There’s no way you can justify probably not even half the value of the land right now,” says Te Slaa. Despite those high prices, demand is still high. Generally, the land is already gone before anyone has an idea that something could be available,” says Te Slaa. “On three different farms that I bid against in the last year and a half, two have made the New York Times.”

Land deals around here have been making national news and attracting investors from Silicon Valley and Wall Street. Te Slaa has had visitors from as far away as Egypt come to check out this famous dirt.

“We’re the best land in the world,” asserts Mike Duffy, an economist at Iowa State Univerity. “The land is worth so much because of what it can do.” Namely, grow just about anything. Most years, there’s plenty of rain and centuries of prairie grasses have created black topsoil that runs hundreds of feet deep and can support demanding crops like corn.
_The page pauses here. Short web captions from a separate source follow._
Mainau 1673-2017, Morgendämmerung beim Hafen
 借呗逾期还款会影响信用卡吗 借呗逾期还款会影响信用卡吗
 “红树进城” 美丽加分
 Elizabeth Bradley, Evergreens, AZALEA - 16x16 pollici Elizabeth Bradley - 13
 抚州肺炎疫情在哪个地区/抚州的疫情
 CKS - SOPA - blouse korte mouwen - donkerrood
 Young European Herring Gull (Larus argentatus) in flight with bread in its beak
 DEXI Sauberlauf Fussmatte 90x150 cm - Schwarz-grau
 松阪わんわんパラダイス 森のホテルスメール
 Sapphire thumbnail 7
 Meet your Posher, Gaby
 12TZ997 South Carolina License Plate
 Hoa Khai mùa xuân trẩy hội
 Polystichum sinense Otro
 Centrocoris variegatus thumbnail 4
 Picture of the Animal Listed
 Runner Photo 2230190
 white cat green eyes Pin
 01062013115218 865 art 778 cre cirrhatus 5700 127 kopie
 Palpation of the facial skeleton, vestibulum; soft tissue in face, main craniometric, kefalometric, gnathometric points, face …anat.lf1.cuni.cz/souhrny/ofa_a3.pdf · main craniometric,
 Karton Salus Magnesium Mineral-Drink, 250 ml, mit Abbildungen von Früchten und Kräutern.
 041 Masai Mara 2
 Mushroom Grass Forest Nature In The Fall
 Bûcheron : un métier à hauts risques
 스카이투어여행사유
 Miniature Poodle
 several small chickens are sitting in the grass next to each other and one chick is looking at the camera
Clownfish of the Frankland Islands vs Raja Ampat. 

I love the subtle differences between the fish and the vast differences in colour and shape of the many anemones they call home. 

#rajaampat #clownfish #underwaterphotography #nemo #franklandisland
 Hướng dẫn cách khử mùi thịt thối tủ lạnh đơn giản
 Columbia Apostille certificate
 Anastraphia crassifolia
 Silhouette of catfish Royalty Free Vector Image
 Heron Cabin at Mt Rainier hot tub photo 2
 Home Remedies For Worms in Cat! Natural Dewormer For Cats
And corn prices have been on a tear, they topped $8 a bushel last year after years of selling for around $2. The change started with the Energy Act in 2007, which created a large demand for corn-based ethanol, then a growing middle class in China and India created a demand for more corn-fed beef and pork. The effect? The top third of Iowa’s farmers are pulling in around $300,000 a year. That kind of money was unheard of when Jason Smith was growing up. “We always thought of farmers as poor people and they were,” says Smith. “There was difficult times back then. Today, there are a lot of new houses in the countryside. If you drive around the countryside, you see a lot of new combines, you see a lot of new tractors.”

All of that is very good news for Smith. His company, DreamDirt, auctions off farmland and farm equipment. At the fairgrounds in the tiny town of Lenox, Iowa, combines, horse trailers and tractors are lined up on the grassy expanse. Smith and his crew drive from item to item in an RV, calling prices out of a bullhorn, while a group of around 100 farmers follows along. Prices for farm equipment like this have skyrocketed. A new combine, complete with touch screen technology, can cost half a million dollars. ” People joke about their sports cars,” says Smith “and then a farmer drives by in a combine and the farmer’s combine is worth five or six times what that fancy sports car was.”

The farming economy run up could be winding down. The price of corn is at a three year low, the economies of China and India are flagging and major corn-growing competition has cropped up in places like Africa. ” As corn prices settle back down, we’re going to see land values fall off,” says Duffy. “It’s going to be more of a deflating, though, than a bubble bursting.”

Iowa farmland is expected to lose as much as 20 percent of its value in the next few years. DreamDirt’s Smith has already noticed less demand from outside investors, but demand from local farmers is still strong. Smith expects to sell $100 million worth of land in the next year. He says this land is incredibly rich and productive and there’s only so much of it for sale.

Addressing the farmers through his bullhorn, Smith sums it up: “If you have any farmland you’re interested in selling, we love it all, let us know. We just love dirt.”